AMD has suggested a workaround for the frustrating stuttering issues in Windows 10 and 11 computers powered by Ryzen CPUs and promised to roll out an update to fix the problem later this year. Bugs and security issues are a problem on most platforms, including Windows. However, while the vast majority of issues on the platform relates to the OS itself, this is one instance where Microsoft cannot be blamed.
AMD Ryzen CPUs are preferred by gamers looking for relatively affordable gaming hardware, as well as by users with heavy multi-threaded workloads. This month, the company is fixing to launch at least three new Alder lake rivals, including the Ryzen 7 5700X, Ryzen 5 5600 and 5500. Alongside them, the Ryzen 7 58ooX3D is also said to go on sale by the end of March.

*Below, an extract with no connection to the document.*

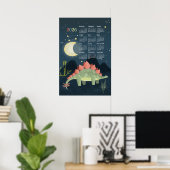 Poster Calendrier 2026 Stegosaur (Bureau à domicile)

Related: AMD Says GPUs With 4GB Of VRAM Are Bad, Then Launches One Anyway
In a post on its official support site, AMD confirmed reports that some Ryzen-powered Windows 11 and Windows 10 machines are experiencing intermittent performance issues, including stutters and lag when running with fTPM (firmware TPM) enabled. According to the company, the problems are caused by “extended fTPM-related memory transactions in SPI flash memory (“SPIROM”) located on the motherboard,” leading to freezing of the entire system or reduced responsiveness until the transactions are completed. Thankfully, users could solve the issues with a firmware update, but it will take some time. According to the company, the affected PCs will require a motherboard system BIOS (sBIOS) update, which will be available by early May 2022. For folks who cannot wait that long, the company suggests a workaround involving spending some money.

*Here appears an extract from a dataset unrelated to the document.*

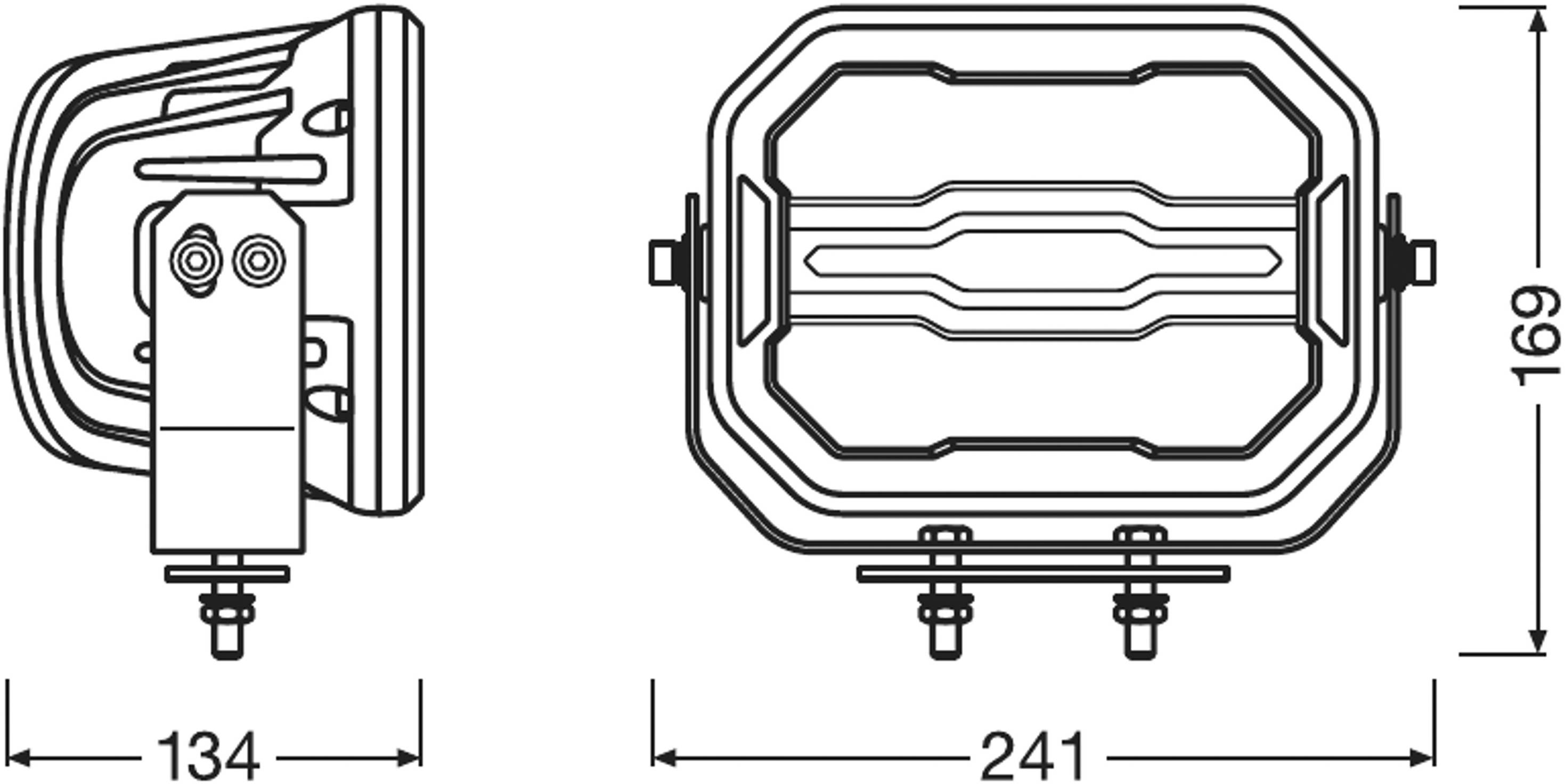 Osram Automotive Fernscheinwerfer LEDDL113-CB LEDDL113-CB LED vorne (L x B x H) 134 x 241 x 169mm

The Workaround Involves New Hardware
As part of its suggested workaround, AMD said users could switch off the fTPM and install a discrete TPM module (dTPM) in the dedicated TMP 2.0 header on the motherboard instead. However, external TPM 2.0 modules typically cost between $50-$100 online, which means it will be an additional expense for people wanting an immediate remedy. In addition, it is worth noting that not all motherboards support dTPM modules, so it’s imperative that users opting for the workaround check their system compatibility before spending the money. Meanwhile, people who have decided to go through with the workaround will also have to disable Bitlocker encryption before switching between fTPM and dTPM.

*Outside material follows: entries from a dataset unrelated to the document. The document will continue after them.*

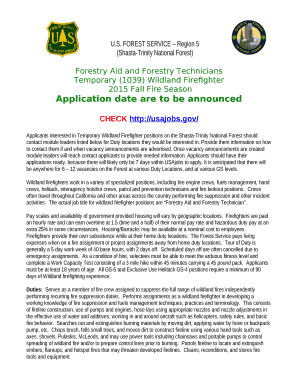 Forestry Aid and Forestry Technicians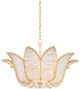 Currey & Company Bunny Williams Bebe Clear/Contemporary Gold Leaf Chandelier-1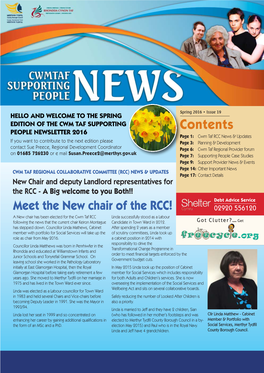 Cwm Taf Supporting People News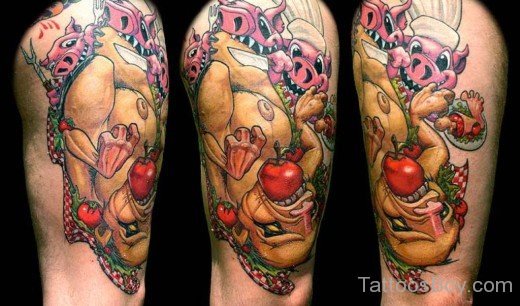 Awesome Half Sleeve Tattoo-Tb1012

The news of the new bugs in AMD’s firmware comes several months after the company admitted to severe flaws slowing down Ryzen-powered computers by up to 15 percent for a range of popular games. While the issue impacted most applications, the worst affected were a series of eSports games that were noticeably slower on Ryzen PCs compared to their Intel counterparts. AMD eventually rolled out updates to fix the issue, but the company now wants to catch a break after these new performance issues are once again negatively affecting the user experience on AMD-powered PCs.